Republican voters in St. Clair County will see something unusual on the ballot March 20 – two candidates vying for the same judgeship.
Marshall Hilmes, 46, of Marissa, who operates a Caseyville law practice handling municipal matters - Hilmes Legal Solutions - announced his candidacy in October.
He has served as a municipal prosecutor, city attorney, arbitration hearing officer for the state and municipal zoning and hearing officer in communities throughout southern Illinois.
Hilmes will face Katherine Ruocco, 51, of Swansea, who operates a law practice in Belleville and St. Louis and who announced her intention to run for the same seat as Hilmes in November.
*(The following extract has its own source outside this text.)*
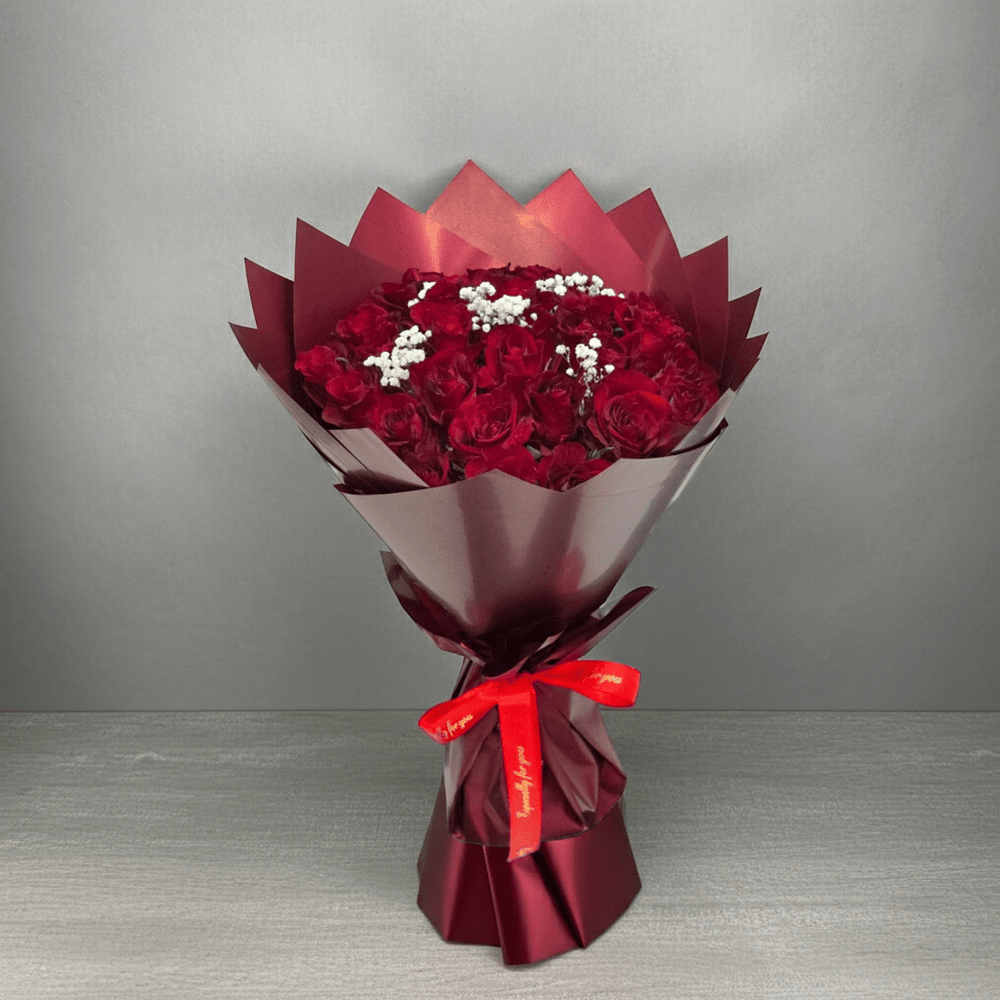 Classic Red Rose Floral Arrangement - Rawadat Al Ward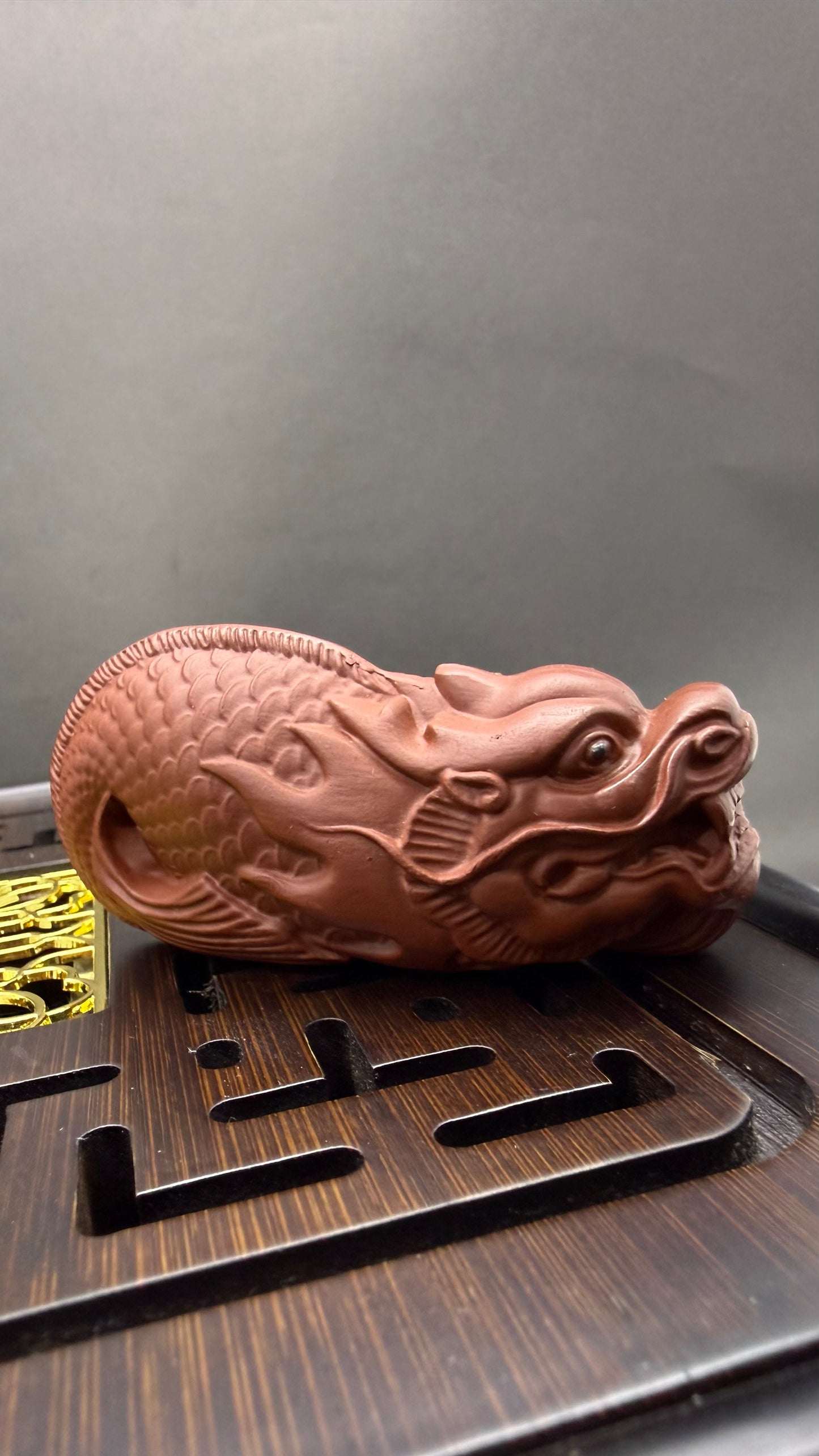 “Amber Dragon ceramic tea accessory”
Ruocco served as a village trustee for four years until 2017, and ran campaigns against long-time Democratic state lawmakers.
Her race against State Sen. James Clayborne (D-East St. Louis) in 2014 was close; she fell short by approximately 2,000 votes, a 3.6 percent margin. But, in a contest against State Rep. Jay Hoffman (D-Belleville) in 2016, she lost by a large margin of nearly 20 points.
As next month’s election approaches, the slings have come out in a campaign for the seat being vacated by Circuit Judge Jan Fiss, an at-large position where candidates run in all five counties of the circuit - Monroe, Perry, Randolph, St. Clair and Washington.
Democrat voters will see Associate Judge Heinz Rudolf on their primary ballot.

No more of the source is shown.